WorldNetDaily's Joseph Farah is still be disingenuous about his tangle with the Council on American-Islamic Relations.
For the first time, in an April 26 column, Farah acknowledges to his readers that WND printed a column by Paul Sperry on Sept. 27, 2001, that suggested, among other things, telling Afghans that the U.S. has "enlisted Afghani moles to contaminate their water supplies with pig's blood" -- CAIR spokesman Ibrahim Hooper had incorrectly attributed the claim to Farah. But Farah called the fact that CAIR spokesman Nadhira F. Al-Khalili, national legal counsel had pointed this out a "smarmy non-apology," then insisted it was just a harmless joke, as he says he wrote to Al-Khalili:
I continued: "Perhaps a second or third reading of Paul Sperry's column by Hooper and you will help you realize what anyone should be able to comprehend in the context of the complete column – that it was satire. Furthermore, the column was written two weeks after Sept. 11, 2001. I don't know if that date means anything to you. But it was long before the U.S. invasion of Afghanistan – meaning the clearly tongue-in-cheek suggestion was for a time much different than now.

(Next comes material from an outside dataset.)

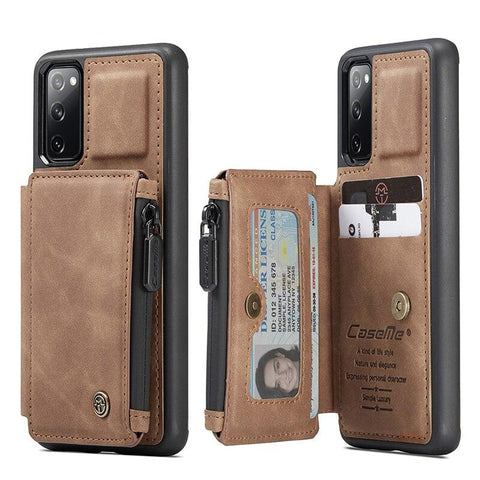 Luxe Protect |Para Samsung Note 20 Series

"Now you recall, after my name has been tarnished by this lie, that it was actually someone else writing who made the suggestion. But you fail to mention the critical timing of the piece and the fact that it was clearly over-the-top satire.
"Perhaps it has also escaped your attention that viewpoints are expressed every day in WND's commentary section with which I disagree. In fact, unless I write the commentaries, I don't accept any ownership of the ideas expressed in them. We publish columnists every day with whom I disagree vehemently.

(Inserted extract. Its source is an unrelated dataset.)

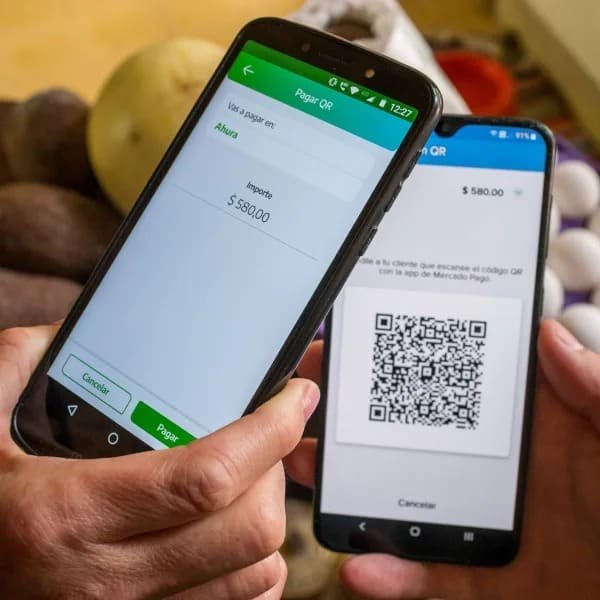 QR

"Hooper also made the charge that WND daily published anti-Muslim hatred. He provided one example, from seven years ago, and it was a satirical piece published before CAIR had yet decided something abominable had happened on Sept. 11. In fact, CAIR didn't publicly rebuke the attack on America for another 10 weeks, as I recall. If WND publishes examples of anti-Muslim hatred every day, why would Hooper have to resort to one bad example from seven years earlier? This is your full-time spokesman!"
Sperry also stated, regarding Muslims, that "their religion is driving them to hate Americans, and rewarding them to kill our people." Was Sperry joking about that, too?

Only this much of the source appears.